Monday, July 28, 2014

Birthday Blessings-My Dad's Voice

My Dad called me to wish me a Happy Birthday. I always love to hear his voice, but unfortunately...he can't always hear mine. He's struggled with his hearing for the last 15-20 years or so. It's so bad. I can tell when he doesn't hear me because there's either dead silence...while he tries to put together in his mind what he thinks I said...or he'll say, "oh, okay."

This ain't my first rodeo. Joshua has some hearing loss as well. I am used to the things he does to try and cover up or compensate for it. So when I hear my Dad say, "oh, okay" after I've gone into a lengthy description of our weekend or our plans, trying to answer the question he has just asked me...I know he didn't hear me. I don't know what he is able to make out on any given day. I usually try to talk to his wife and tell her all the news...and then when he gets on the phone, I can just skim over things without too much detail, and count on Clara to fill it all in later.

But yesterday, on my birthdayhe just wanted to hear my voice.

I am learning to slow down and listen. Joshua helps me with that. Sometimes, I get tired of having to repeat myself over and over, and I feel like snapping at him. Not gonna lie...it's happened, and then I always feel terrible. He can't help the fact that he can't always hear what's going on. Hearing aids are probably in his future. I'm just trying to put it off as long as possible, because as long as he CAN function without them and isn't missing too much, it's okay. When HE starts getting frustrated, then it will be time.

So, with my Dad, I'm trying to apply the same tenderness and understanding that I use with Joshua. My Dad can't help the fact that he can't hear. He does have aids, but his hearing went down so fast that they really aren't much help...and he knows it. And he's frustrated.
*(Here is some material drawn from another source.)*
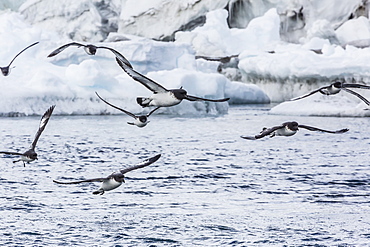 Adult cape petrels (Daption capense) feeding at Brown Bluff, Antarctica, Polar Regions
He used to enjoy talking to my kids on the phone. Logan, especially, and Clark...they would call him from time to time to visit. They would always call him on Memorial Day and Veteran's Day...because my Dad was in the military. I remember the first time Logan called my Dad on Veteran's Day. My Dad said, "I think that's the first time anyone has ever called and wished me a Happy Veteran's Day and thanked me for my service."

So now, with my Dad, it's hard for him to hear over the phone...so we write and we email and we Facebook...and that's mainly how we keep in touch.

But it's not the same as hearing his voice.

And it's not the same as him hearing MY voice.

As with everything in my life, God uses the simple things to teach me big things.

Like the importance of listening. My Dad can hear pretty well if we are sitting sitting side-by-side, or across from each other. He can hear pretty well if we are in my home, or his. He cannot hear if we are in a restaurant or crowded place because of the background noise.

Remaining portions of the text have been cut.